Siempre que alguien me pregunta cuál es la mejor fórmula para que la gente lea más, contesto sin la menor duda: trastearse, cambiar de casa. Parece un chiste o un disparate pero no lo es en absoluto, y creo en serio que nada hay más provechoso para un lector que una mudanza, con todos los horrores y sacrificios que implica el viejo rito de empacar la vida entera entre unas cajas para llevársela a otro lado.
Es entonces cuando el lector empieza a descubrir todo lo que tiene, los libros que había ido acumulando durante años y que estaban allí como una promesa, una invitación siempre latente para caer sin remedio en el abismo de sus páginas.
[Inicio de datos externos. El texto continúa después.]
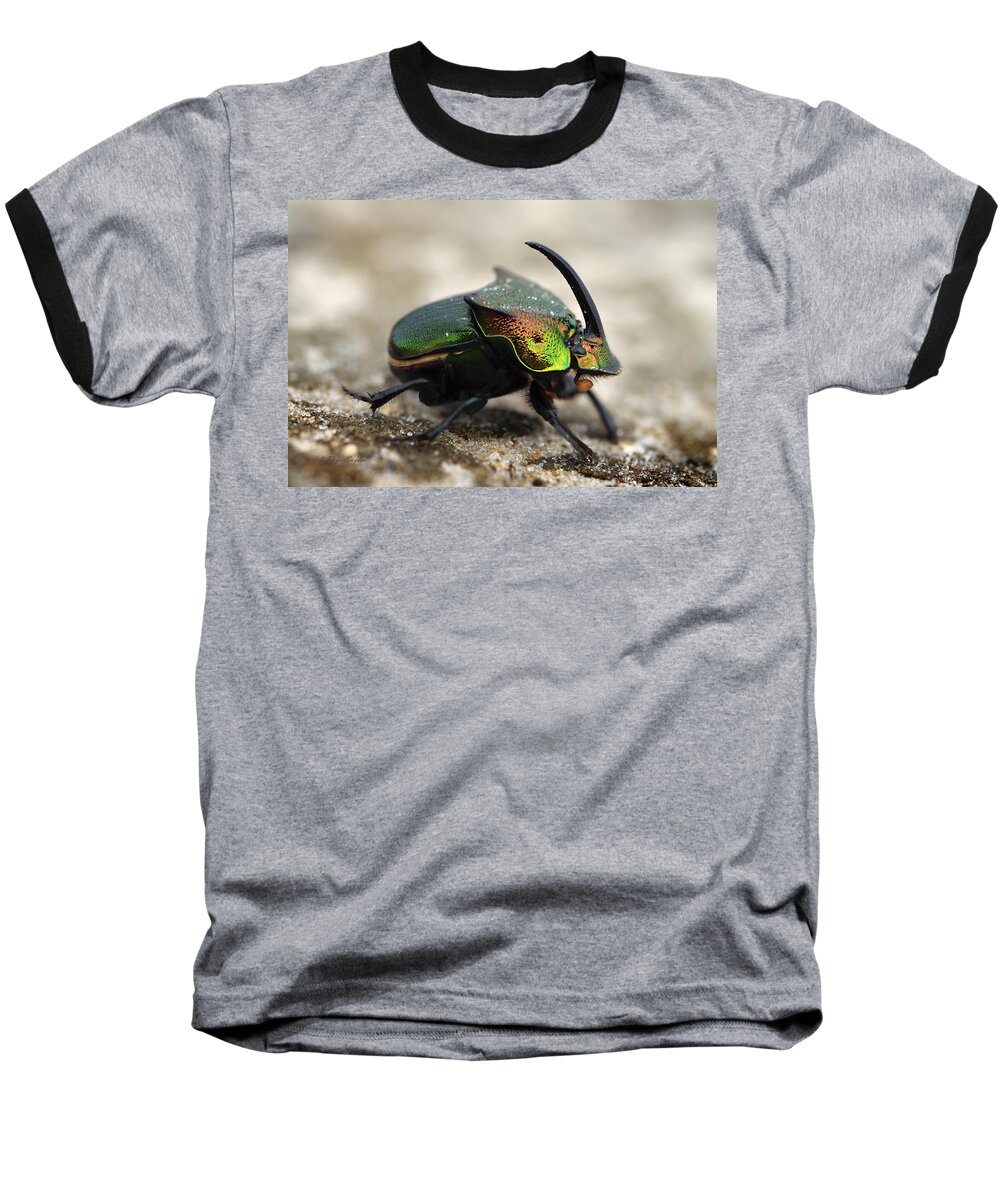 Beautiful Baseball T-Shirt featuring the photograph Dung Beetle by Roger Snyder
Hay una superstición de lector que es maravillosa: ojear los libros no leídos para antojarse aún más de ellos, para impregnarse de su tono y sus palabras, sus revelaciones que ya habrán de llegar.
Esa cita furtiva y clandestina con los libros por leer, esa especie de tentación en la que caemos aun sabiendo que todavía no ha llegado el momento y quizás no llegue jamás, tiene un encanto excepcional porque el hambre y la emoción no se aplacan ni se sacian sino que por el contrario se acrecientan, se hacen más punzantes y abrasadoras y entonces nos corroe la impaciencia, las ganas desesperadas de dar cuenta por fin de esa lectura siempre en vilo y a la mano.
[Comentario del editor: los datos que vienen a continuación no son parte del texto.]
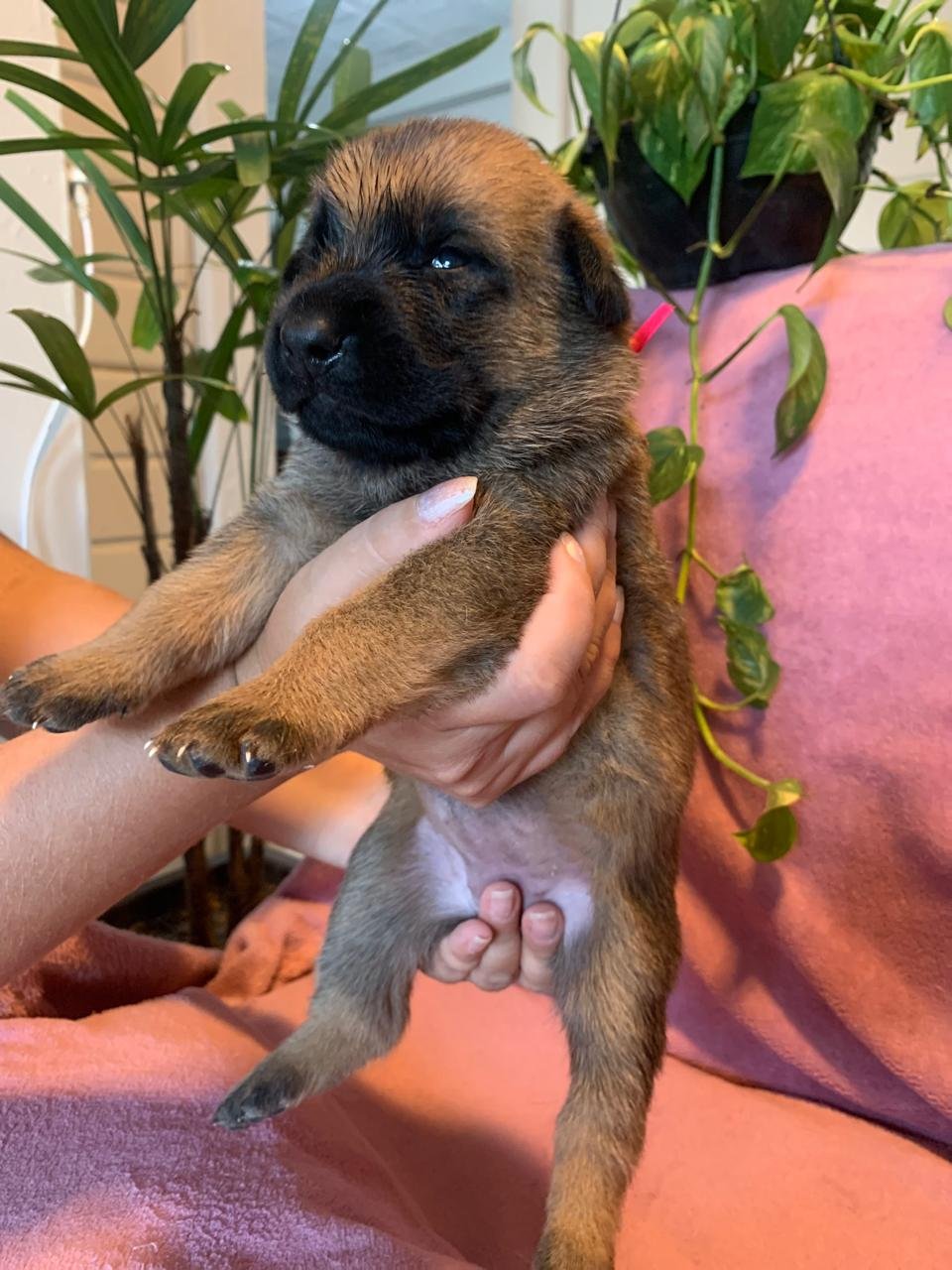 Lindos filhotes de Pastor Belga Malinois - Foto 2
Pero nada hay como empacar libros durante un trasteo, ese sí es el mejor de los descubrimientos, el rescate de todas nuestras esperanzas malogradas y fallidas, nuestras obsesiones más recónditas y olvidadas, cosas que ni siquiera sabíamos que estaban allí, viejos amigos que se nos habían perdido y que de repente vuelven a la superficie, como en un naufragio, porque eso también son los trasteos, para renovar nuestro afecto y nuestra emoción.
Ahora, ya terminado ese libro que de no ser por la obligación de empacarlo no lo habría leído de verdad y completo jamás, ahora voy por otro.
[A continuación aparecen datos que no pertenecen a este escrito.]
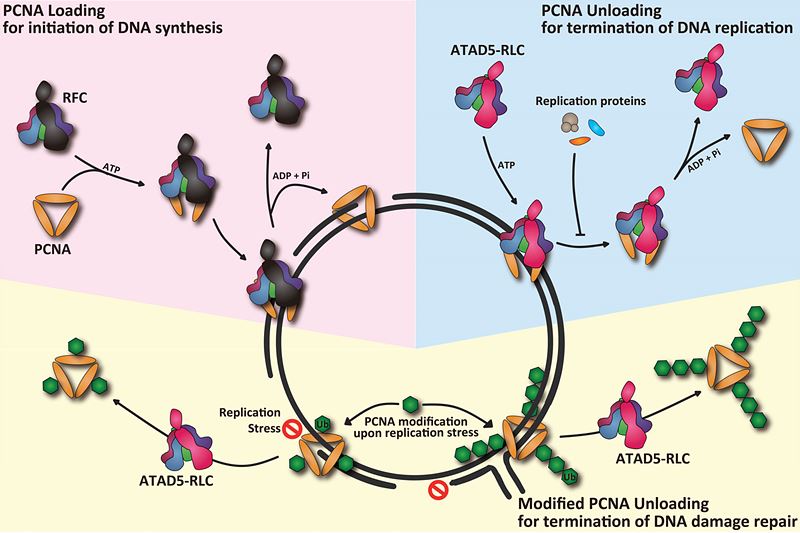 Figure 1.PCNA Cycling during DNA replication.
El patriarca Focio de Constantinopla, al que Dios tenga en su santa gloria, y si no qué esperanza nos queda a los demás, el patriarca Focio escribió en el siglo IX de nuestra era un libro que se llama La Biblioteca o Los diez mil libros: una especie de catálogo erudito y deslumbrante en el que él, para salvar del olvido miles de títulos que conocía o que al menos había visto alguna vez en su vida, los empezó a enumerar y a comentar en una lista infinita e inagotable.
Eso nos pasa a los lectores en cada trasteo, sin importar si son muchos o pocos los libros que llevamos a cuestas: allí está el catálogo de nuestras ilusiones perdidas, el recordatorio implacable de todo lo que queríamos leer y no siempre pudimos. Pero entonces uno va guardando cada ejemplar y mientras tanto lo abre, lo lee, se sienta a descubrir todas las joyas y las maravillas de las que se ha perdido.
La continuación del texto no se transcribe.